Hi LovelJamesIrving,
Hope you're having a great day 🙂
This response shoul dnot be taken personally, rather as a counter to what has been posted. This about EA and not any single CFB 25 user/ "Answers HQ English" participant.
I'd like to counter some of your points in your response.
- "The only time cards sale for max value is when someone has bought currency from a third party website and is selling a card at max value to redeem the purchased currency."
- Response: This statement states that the "only time a car sells for Max value is when someone has bought currency from a third party, which assumes that one cannot sell a card within EA's own Auction house infrastructure without a third party transaction. This is a false statement of fact. While it is possible for this to occur, it can not and is not the "only" way a card can sell for max value. To apply that to every max vlaue sale would result in any user that has made a max sale being a TOS abuser... which is ridiculous on its face.
- Auction house cards sell based off a multitude of factors such as: timing of posting to Auction house, search filters or lack thereof, supply/demand, perceived subjective value, youtube/forum discussions regarding must have cards, and aesthetic of actionable card art that would trigger a user to desire that card regardless of its actuall abilities or in game effect, to name a few.

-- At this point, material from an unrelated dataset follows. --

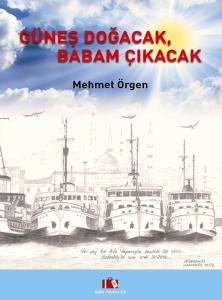 Güneş Doğacak Babam Çıkacak (Ciltli)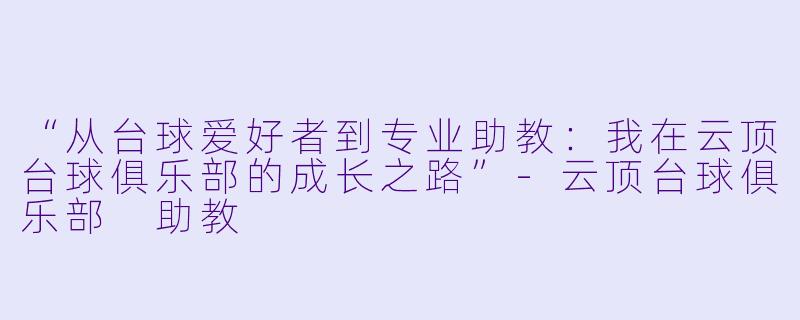 “从台球爱好者到专业助教:我在云顶台球俱乐部的成长之路”-云顶台球俱乐部 助教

- If pricing cards within EA's own Max value limitations is against EA policy than EA should not have a Auction house for any users or lower the max value for all users to whatever they deem should be the max.
- To arbitrarily apply a blanket procedure that flags ALL card sellers that have made a max value card sale (and not just tos abusers like currency sellers) as a TOS sanctionable or banable offenses is bad business practice that unnecessarily punishes players who use the EA's own in-game infrastructure to advance within a game that is otherwise heavily promoting and encouraging micro transaction as the quick, easy, and rewarding method to improve ones team through RNG based gambling pack acquisition.
- A thorough review of both the seller of a max value card and purchaser should take place immediately subsequent to any alleged violation in order to determine if there was actually an offense or if it was just normal use of the Auction house. EA cannot label proficient Auctioneers as TOS abusers. No one wants actual TOS abusers in games as it ruins the overall product for everyone else. But again, without proof evidencing currency resale in exchange for IRL-currency EA is making baseless and fruitless sanctions and bans. Users who invest their time and energy into stocking up in game currency that i slater seized erroneously is akin to theft.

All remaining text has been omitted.